Buying a property before it’s built can cost less. But to land the best deal, you have to know what you’re getting — which can sometimes be confusing.
Blueprints, for example, don’t always give an accurate picture of what the finished condo or home will look like, according to the New York Times. Likewise, RealEstate.com notes that all the fancy upgrades you see in the model version may not be included in the base price and can actually cost tens of thousands of dollars more to add.
It’s important to know exactly what’s included — and what isn’t — in any property you buy. If you’re thinking of purchasing a pre-construction home, ask the following questions before you sign on the dotted line:
What size will it be? Don’t just assume the builder’s marketing materials are telling the whole story. Square footage can be calculated in a number of ways, according to the New York Times — including measuring from the exterior walls (factoring in unusable space) or counting an exterior balcony or basement storage space, which can add 10 to 40 percent more to the total. Find out how your potential home’s space is being calculated.
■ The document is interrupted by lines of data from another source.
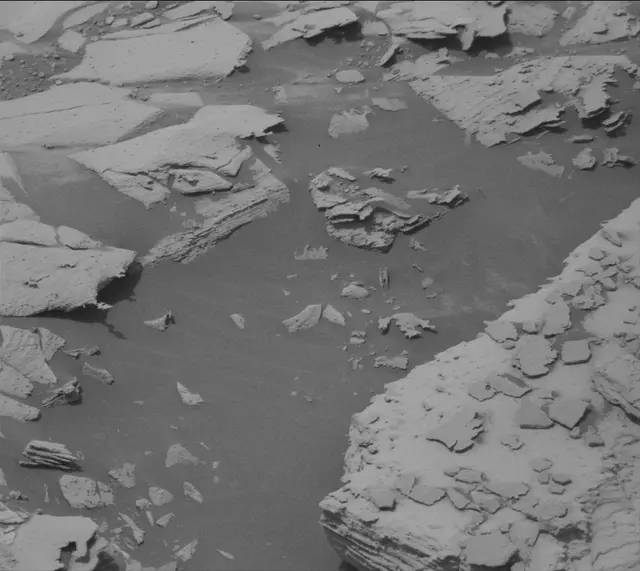 Sol 4988: Mast Camera (Mastcam)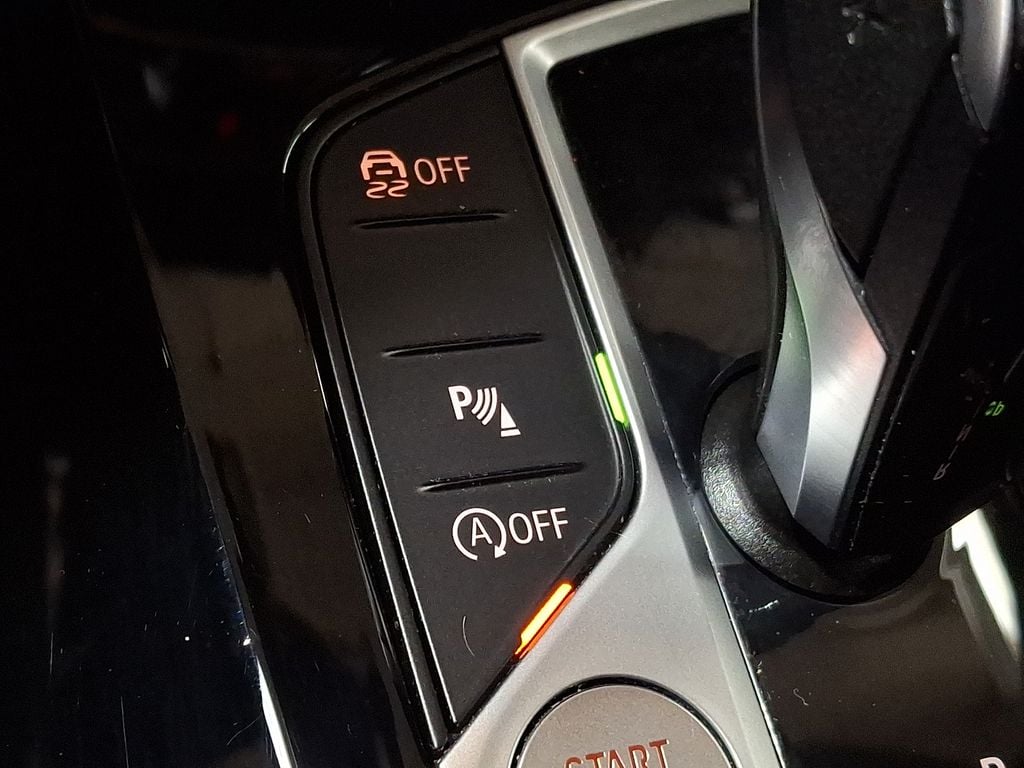 Thumbnail: 2023 BMW X4 - 20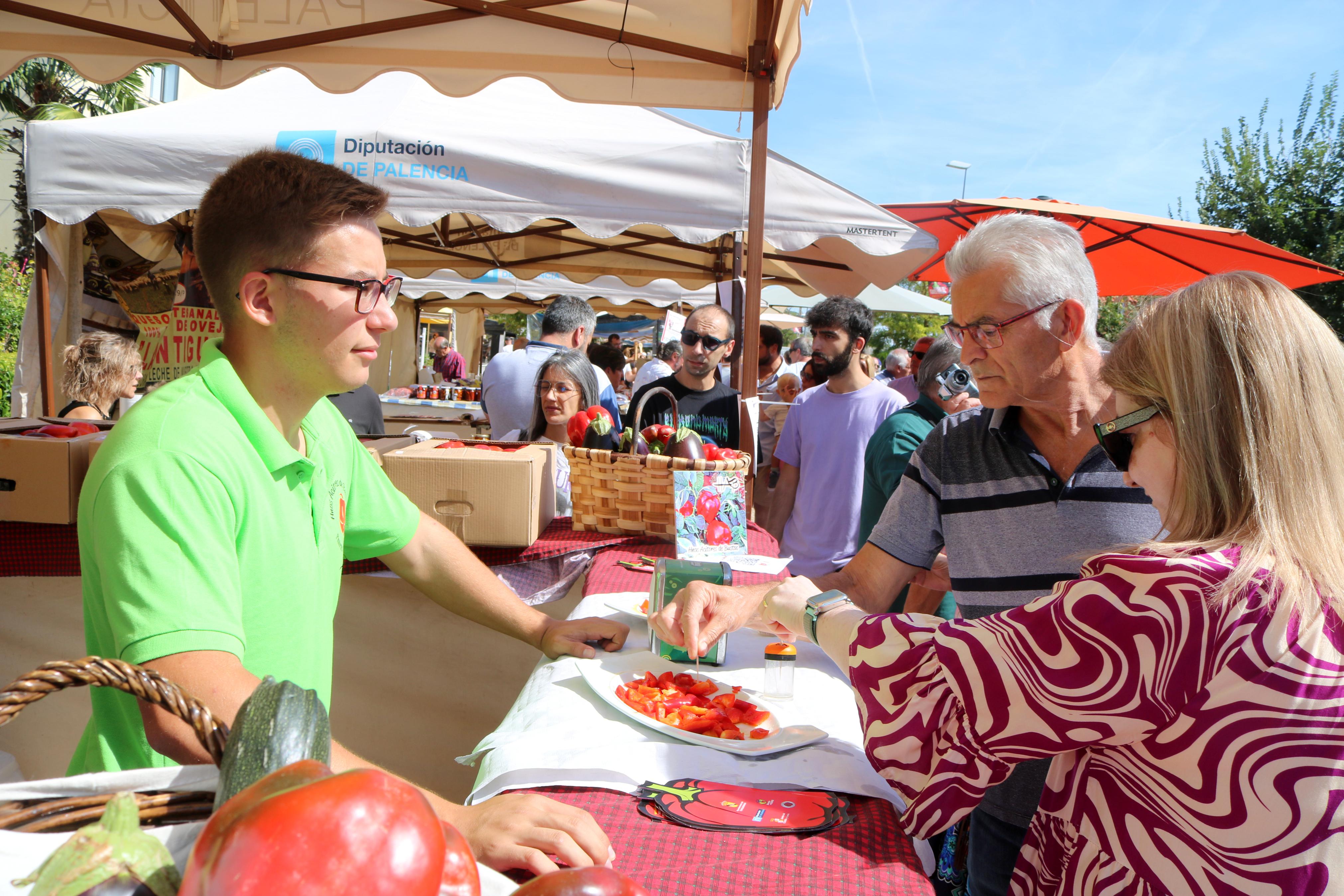 La Feria del Pimiento congregó a numeroso público durante toda la jornada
Are there any pending lawsuits against the builder? For background information on building projects in your area, the National Association of Home Builders suggests looking in your local paper’s ads and articles to find out what builders work locally, what projects are underway and how they’re priced. The Better Business Bureaurecommends checking out the developer’s previous projects to assess the quality of their landscaping and other amenities. You can also walk around recent developments and ask residents if they feel the builder did solid work, according to Zillow, and look up service providers in your area that are on the Better Business Bureau’s website to read reviews and check for alerts.
What amenities are included? Make sure any value-adding “coming soon” extras touted by your builder — like a pool or golf course — are really planned for the community you’re moving into and will eventually be built. According to Bankrate, it is a good idea to check with your local building department, an attorney or a real estate agent to see if the builder has posted a bond for the unbuilt amenity. The Better Business Bureau also recommends including any home upgrades in your pre-purchase contract, along with a stipulation that lets you visit the site for several scheduled appointments to see how things are progressing.
What percentage of the homes or units have been sold? Maintenance and upkeep can be a struggle for multi-unit buildings and communities that are undersold. Realty Times recommends asking how much of the total project is under contract — not just in the reservation phase.
Another pre-construction best practice: Don’t automatically assume the builder’s agent is your best bet.
While builder-provided real estate agents can provide valuable services, such as explaining upgrades and floor plan differences, they represent the builder’s interests, according to the National Association of Realtors. To ensure your needs are front and center, consider getting your own real estate agent to help handle the transaction.
And — when it’s finally time to close — don’t skip the home inspection stage just because the property is new. You may find defects or other problems that need to be corrected.